When the last ranks finally reached the square in front of the church, they all filed in to celebrate Mass and I had lunch, imagining the dancing pilgrims with briefcases, on their way to work at a bank in Luxembourg City the next morning.
That afternoon I drove through the idyllic countryside of northern Luxembourg, keeping a loose grip on my map because I no longer thought it productive to try to avoid getting lost. Pristine villages and handsome houses with manicured lawns suggest money, and statistics bear it out. Luxembourg has the highest per capita gross domestic product in the world.
But another beautifully manicured lawn at the Luxembourg American Cemetery east of the capital, in the town of Hamm, tells a different story about a war-ravaged country and the American fighting men who liberated it from German occupation during World War II. More than 5,000 U.S. soldiers lie beneath simple white crosses, most of whom died in the brutal Battle of the Bulge.
It was Hitler's last gasp, beginning Dec. 16, 1944, six months after D-day, with a massive, surprise German offensive into eastern Belgium and Luxembourg. Many green American troops were stationed there along a seemingly quiet front, which had a southern terminus at Echternach.
As German soldiers poured into the Ardennes, the Allied Command called up the 3rd Army. It was headed by Maj. Gen. George Patton, who made his place in military history during the Battle of the Bulge.

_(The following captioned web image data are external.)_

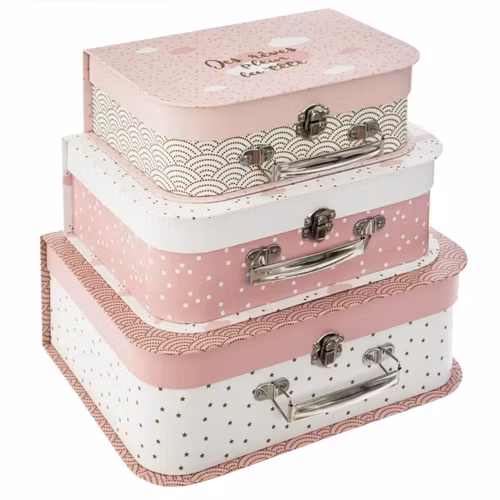 Oppbevaringsbokser koffert sweetness, 3-pack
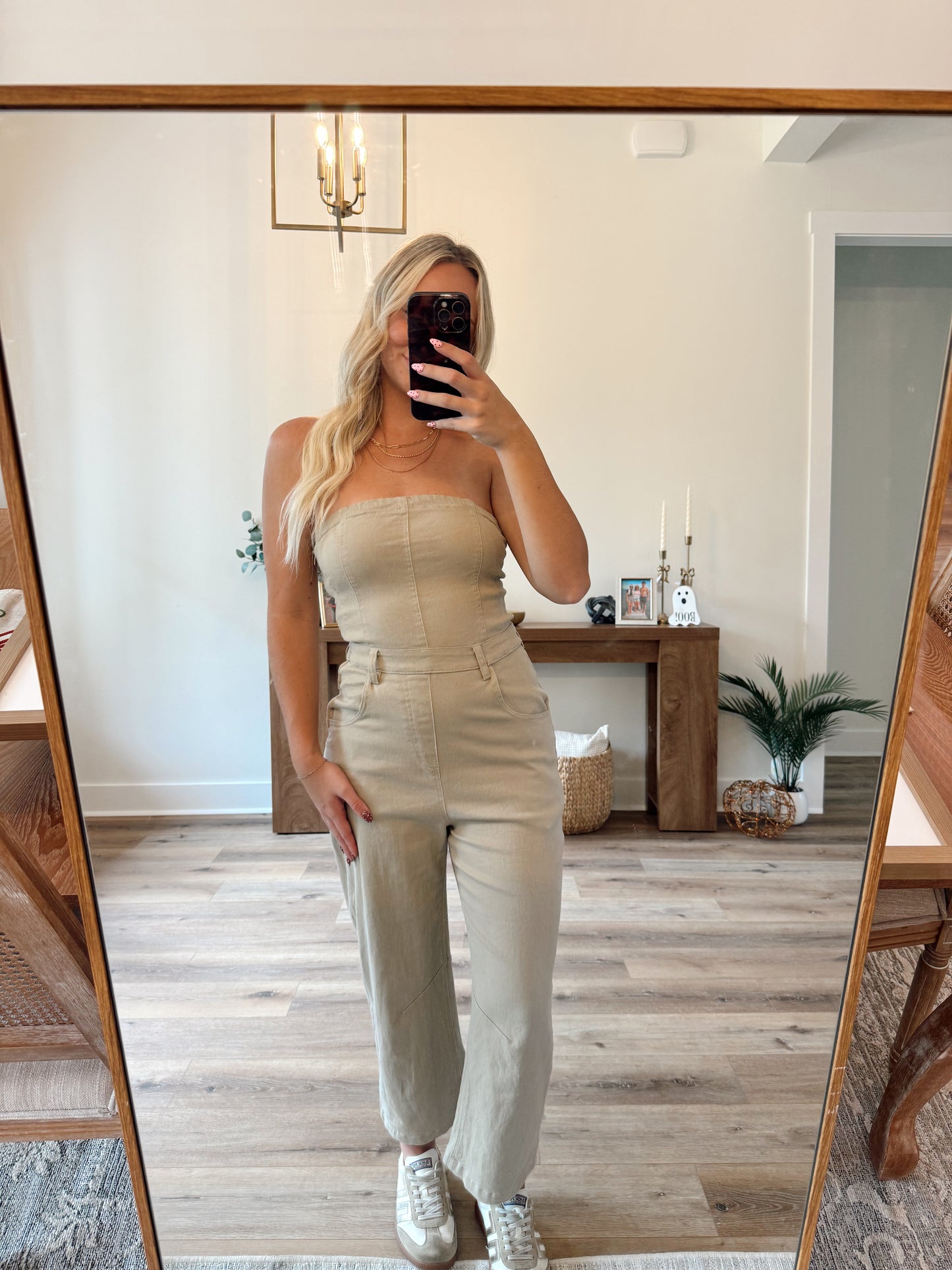 Beige Denim Barrel Jumpsuit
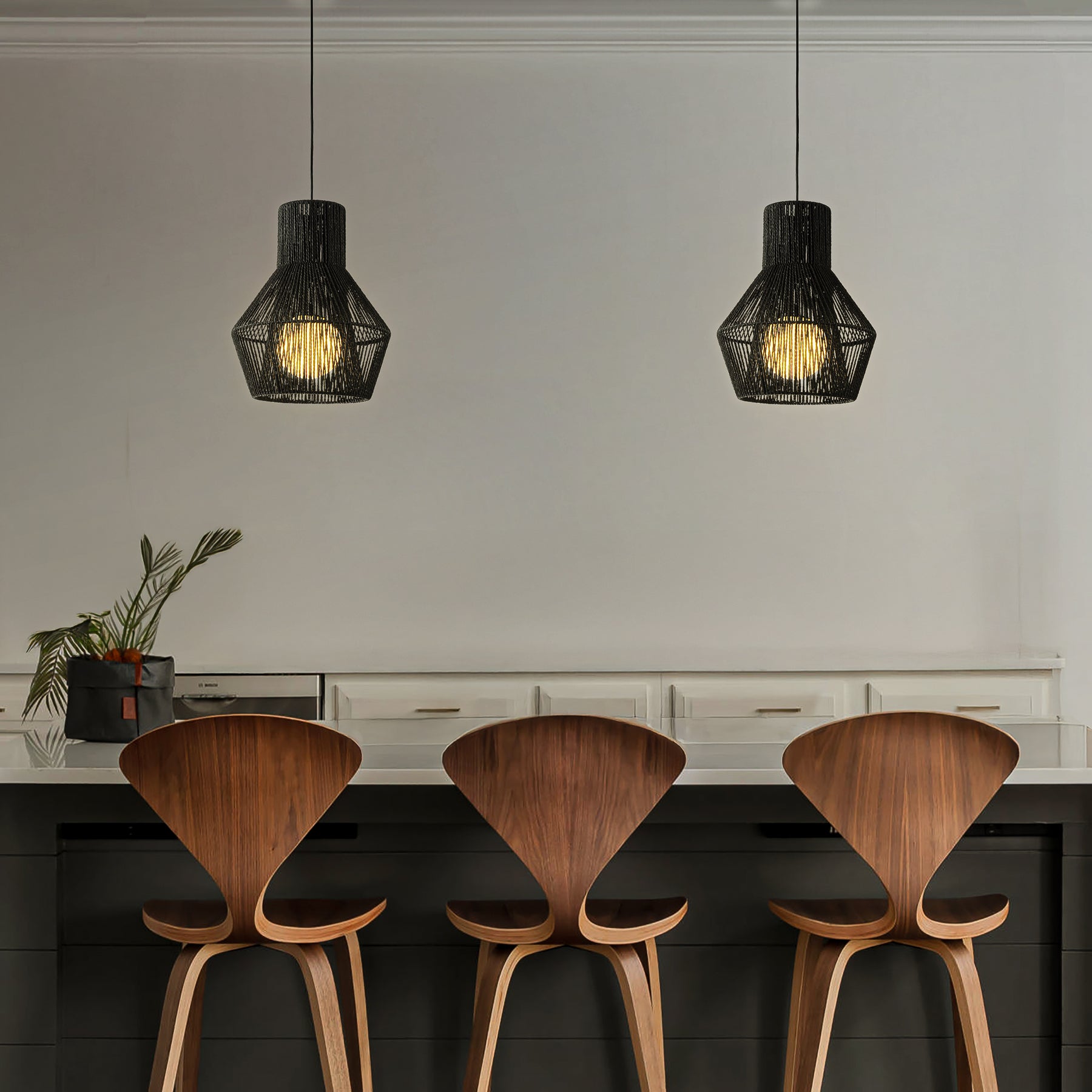 1-Light Modern Black Hand-Woven Rattan Chandelier Bubble Trasitional Cylinder Medium Natura Pendant Light For Dining Room Bedroom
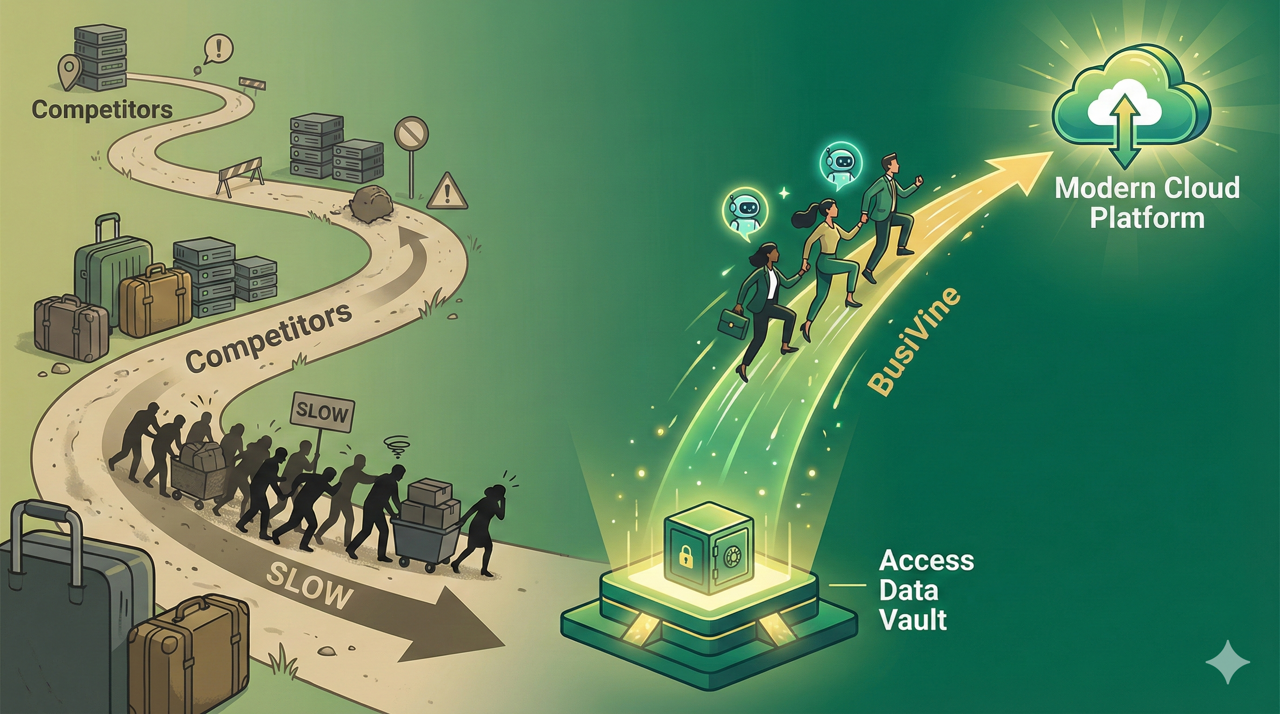 Infographic showing BusiVine leapfrogging competitors burdened by legacy SaaS codebases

He died in a car crash just after the war and was buried at the Luxembourg American Cemetery.
Unlike other mini-states in Europe tucked into out-of-the-way mountain places, Luxembourg is in the heart of Northern Europe, making it ever a passageway and prize for foreign armies.
Its capital city, on a plateau deeply cut by the Alzette and Petrusse rivers, was a natural bastion even before a long line of conquerors added three rings of walls, 24 forts and 14 miles of tunnels.
This stout ensemble of fortifications, along with the old town it protected, is a UNESCO World Heritage Site and Luxembourg City's chief attraction. It is accessible along steep walkways leading to a district below the promontory known as the Grund, where elevators return sightseers to the top.
The next day, in town, I inspected the fortifications, sat with a coffee in the leafy Place d'Armes, watched a solitary, uniformed guard pace in front of the Grand Ducal Palace, the official home of Luxembourg's head of state and constitutional monarch, Grand Duke Henri, and toured the excellent Luxembourg City History Museum where I learned about Luxembourgian sports stars Johny Grün, a weightlifter who, in his prime around 1900, could lift two horses and their riders on a platform above his head; and cyclist Charly Gaul, called the "Angel of the Mountains," who won the 1958 Tour de France by dint of his performance on the race's highest stages.
Then I crossed the Alzette River valley to the enclave of conference centers and corporate offices atop the Kirchberg-Plateau, also home to Luxembourg's I.M. Pei-designed Museum of Modern Art. The beautiful building, all space and light, showcases some selections from its own collection but is chiefly devoted to top-flight temporary exhibitions, such as the one on contemporary Chinese art on display when I was there.
The museum's cafe, a whimsically decorated work of art itself with refectory tables under a pergola, was a good stop for a salad at lunch, followed by a stroll across the nearby remains of a set of French-built fortifications, these designed by Louis XIV's military engineer Sébastien le Prestre de Vauban.
On my way back to La Gaichel, I got lost again, which is how I found a partly restored 11th century castle in the village of Useldange. I climbed into its keep to get a closer look at its two towers, then sat contentedly by the nearby Attert River, where a sign described how people fished a millennium ago.
The grand duchy may be thoroughly integrated into modern Europe. But, I thought, you don't have to scratch the surface too deeply to find Countess Ermesinde, St. Willibrord and the Middle Ages.